What passes as “liberalism” in modern America, by contrast, is an assault on liberty: It pertains predominantly to support for a vastly powerful and rights-violating government. (Modern “liberals” do sometimes support truly liberal policies, as by advocating the rights of women to seek abortions and the rights of gay couples to marry.)
Braff’s remark about homosexuals, although not a political view, expresses a sentiment shared by many people, whether classical liberal, modern “liberal,” libertarian, or even conservative. Being afraid of someone just because he’s gay makes no more sense than being afraid of someone just because he’s heterosexual or left-handed.

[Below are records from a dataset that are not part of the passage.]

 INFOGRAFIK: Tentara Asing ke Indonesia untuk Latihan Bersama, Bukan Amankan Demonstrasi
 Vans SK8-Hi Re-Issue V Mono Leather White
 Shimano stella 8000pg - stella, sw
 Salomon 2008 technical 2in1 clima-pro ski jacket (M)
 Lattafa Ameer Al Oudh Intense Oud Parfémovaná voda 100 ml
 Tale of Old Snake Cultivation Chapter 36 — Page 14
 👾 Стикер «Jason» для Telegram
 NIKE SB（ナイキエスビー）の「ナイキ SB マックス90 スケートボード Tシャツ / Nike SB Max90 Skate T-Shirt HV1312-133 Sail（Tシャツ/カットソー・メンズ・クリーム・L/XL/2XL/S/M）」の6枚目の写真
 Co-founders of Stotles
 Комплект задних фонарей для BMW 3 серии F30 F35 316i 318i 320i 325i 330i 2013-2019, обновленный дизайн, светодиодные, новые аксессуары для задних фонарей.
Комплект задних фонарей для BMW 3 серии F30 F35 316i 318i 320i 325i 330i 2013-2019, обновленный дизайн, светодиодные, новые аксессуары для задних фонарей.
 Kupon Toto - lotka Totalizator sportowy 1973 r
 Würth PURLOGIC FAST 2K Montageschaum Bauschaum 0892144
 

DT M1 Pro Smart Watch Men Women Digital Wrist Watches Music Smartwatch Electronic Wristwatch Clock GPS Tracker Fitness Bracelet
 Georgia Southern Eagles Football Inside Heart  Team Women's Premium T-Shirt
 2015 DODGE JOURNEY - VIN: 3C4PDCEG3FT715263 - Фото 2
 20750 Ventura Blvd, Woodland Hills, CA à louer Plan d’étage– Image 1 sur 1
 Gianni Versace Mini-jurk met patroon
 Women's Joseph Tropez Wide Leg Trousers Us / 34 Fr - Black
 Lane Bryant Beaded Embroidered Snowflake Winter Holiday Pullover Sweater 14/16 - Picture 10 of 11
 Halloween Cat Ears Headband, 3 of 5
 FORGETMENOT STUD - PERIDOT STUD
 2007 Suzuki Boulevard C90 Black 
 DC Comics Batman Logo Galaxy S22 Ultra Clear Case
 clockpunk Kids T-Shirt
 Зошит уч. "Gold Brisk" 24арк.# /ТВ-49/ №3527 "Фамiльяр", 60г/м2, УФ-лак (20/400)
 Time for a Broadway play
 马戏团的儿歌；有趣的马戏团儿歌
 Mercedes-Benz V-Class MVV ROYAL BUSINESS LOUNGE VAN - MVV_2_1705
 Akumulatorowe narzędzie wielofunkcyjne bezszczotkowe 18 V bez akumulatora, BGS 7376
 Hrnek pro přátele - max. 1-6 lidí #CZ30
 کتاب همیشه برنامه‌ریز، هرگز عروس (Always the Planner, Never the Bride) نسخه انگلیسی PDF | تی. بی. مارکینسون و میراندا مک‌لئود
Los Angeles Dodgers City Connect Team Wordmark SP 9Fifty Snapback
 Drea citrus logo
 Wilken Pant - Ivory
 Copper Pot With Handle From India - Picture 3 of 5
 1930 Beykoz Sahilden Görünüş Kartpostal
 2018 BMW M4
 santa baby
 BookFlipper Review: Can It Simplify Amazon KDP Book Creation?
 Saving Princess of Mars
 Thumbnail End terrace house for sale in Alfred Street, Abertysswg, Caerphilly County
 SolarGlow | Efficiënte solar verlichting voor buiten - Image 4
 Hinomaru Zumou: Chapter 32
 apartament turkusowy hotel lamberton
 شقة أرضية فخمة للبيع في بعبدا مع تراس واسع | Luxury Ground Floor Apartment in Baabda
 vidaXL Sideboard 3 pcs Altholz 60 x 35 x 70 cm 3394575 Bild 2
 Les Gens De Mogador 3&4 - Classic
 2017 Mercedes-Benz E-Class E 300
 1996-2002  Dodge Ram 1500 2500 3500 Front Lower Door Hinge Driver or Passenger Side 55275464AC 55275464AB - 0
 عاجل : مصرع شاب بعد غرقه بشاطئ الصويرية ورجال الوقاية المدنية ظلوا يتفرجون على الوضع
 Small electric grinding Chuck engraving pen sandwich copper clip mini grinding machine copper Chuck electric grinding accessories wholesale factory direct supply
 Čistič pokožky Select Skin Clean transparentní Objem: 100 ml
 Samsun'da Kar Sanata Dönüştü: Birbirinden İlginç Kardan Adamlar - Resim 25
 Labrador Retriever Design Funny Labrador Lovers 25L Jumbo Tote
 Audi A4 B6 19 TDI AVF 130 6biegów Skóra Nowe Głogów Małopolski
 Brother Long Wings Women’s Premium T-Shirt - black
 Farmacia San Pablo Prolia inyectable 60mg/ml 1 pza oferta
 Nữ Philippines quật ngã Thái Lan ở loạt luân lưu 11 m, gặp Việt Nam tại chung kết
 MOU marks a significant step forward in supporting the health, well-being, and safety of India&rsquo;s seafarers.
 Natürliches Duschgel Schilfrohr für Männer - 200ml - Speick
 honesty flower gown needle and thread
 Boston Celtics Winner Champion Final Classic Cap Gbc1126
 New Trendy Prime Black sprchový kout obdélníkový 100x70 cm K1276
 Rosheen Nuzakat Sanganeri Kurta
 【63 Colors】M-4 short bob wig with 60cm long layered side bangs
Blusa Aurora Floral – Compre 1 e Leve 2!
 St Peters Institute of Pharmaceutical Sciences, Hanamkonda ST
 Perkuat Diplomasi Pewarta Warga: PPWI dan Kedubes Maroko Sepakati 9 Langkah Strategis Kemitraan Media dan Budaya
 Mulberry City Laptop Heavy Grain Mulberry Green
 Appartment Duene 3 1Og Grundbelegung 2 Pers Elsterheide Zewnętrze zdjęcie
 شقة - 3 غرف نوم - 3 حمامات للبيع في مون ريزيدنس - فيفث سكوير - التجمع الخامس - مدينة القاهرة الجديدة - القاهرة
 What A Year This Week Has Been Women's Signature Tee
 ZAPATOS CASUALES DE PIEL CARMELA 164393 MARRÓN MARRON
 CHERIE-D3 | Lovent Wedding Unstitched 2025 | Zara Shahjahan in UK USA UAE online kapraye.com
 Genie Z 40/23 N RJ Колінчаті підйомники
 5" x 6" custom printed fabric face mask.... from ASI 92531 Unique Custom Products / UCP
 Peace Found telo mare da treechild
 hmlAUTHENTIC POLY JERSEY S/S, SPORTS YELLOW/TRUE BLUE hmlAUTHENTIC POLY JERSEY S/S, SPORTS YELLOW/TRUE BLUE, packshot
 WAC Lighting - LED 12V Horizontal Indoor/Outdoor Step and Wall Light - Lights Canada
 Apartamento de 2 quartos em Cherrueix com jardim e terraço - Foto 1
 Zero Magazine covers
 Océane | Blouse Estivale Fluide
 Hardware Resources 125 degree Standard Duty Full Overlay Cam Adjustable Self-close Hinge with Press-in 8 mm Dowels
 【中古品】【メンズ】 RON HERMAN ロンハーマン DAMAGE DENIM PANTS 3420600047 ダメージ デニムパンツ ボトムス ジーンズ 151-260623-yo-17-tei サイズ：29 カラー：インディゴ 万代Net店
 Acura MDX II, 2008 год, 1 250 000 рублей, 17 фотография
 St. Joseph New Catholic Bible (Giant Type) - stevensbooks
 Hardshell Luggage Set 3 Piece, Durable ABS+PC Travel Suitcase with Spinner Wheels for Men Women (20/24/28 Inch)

Being “afraid” of homosexuals doesn’t make one non-liberal; it just makes one an idiot.
Braff’s remark about a willingness to share wealth is not a political view, either. People of many different political persuasions are willing to share their wealth in certain contexts.
In terms of politics, the fundamental issue is not whether and in what ways individuals are willing to voluntarily share their wealth. The fundamental issue is whether individuals have a moral right to decide how to use their wealth. Real (classical) liberals hold that individuals have such a right; modern (leftist) “liberals” hold that individuals have no such right.
The context of Braff’s remarks suggest that he is willing to share not only his own wealth, but also other people’s wealth without their consent. Those who seize other people’s wealth by force—or advocate policies involving wealth confiscation—have no rightful claim on the word liberal. They should call themselves what they are: rights-rejecting statists.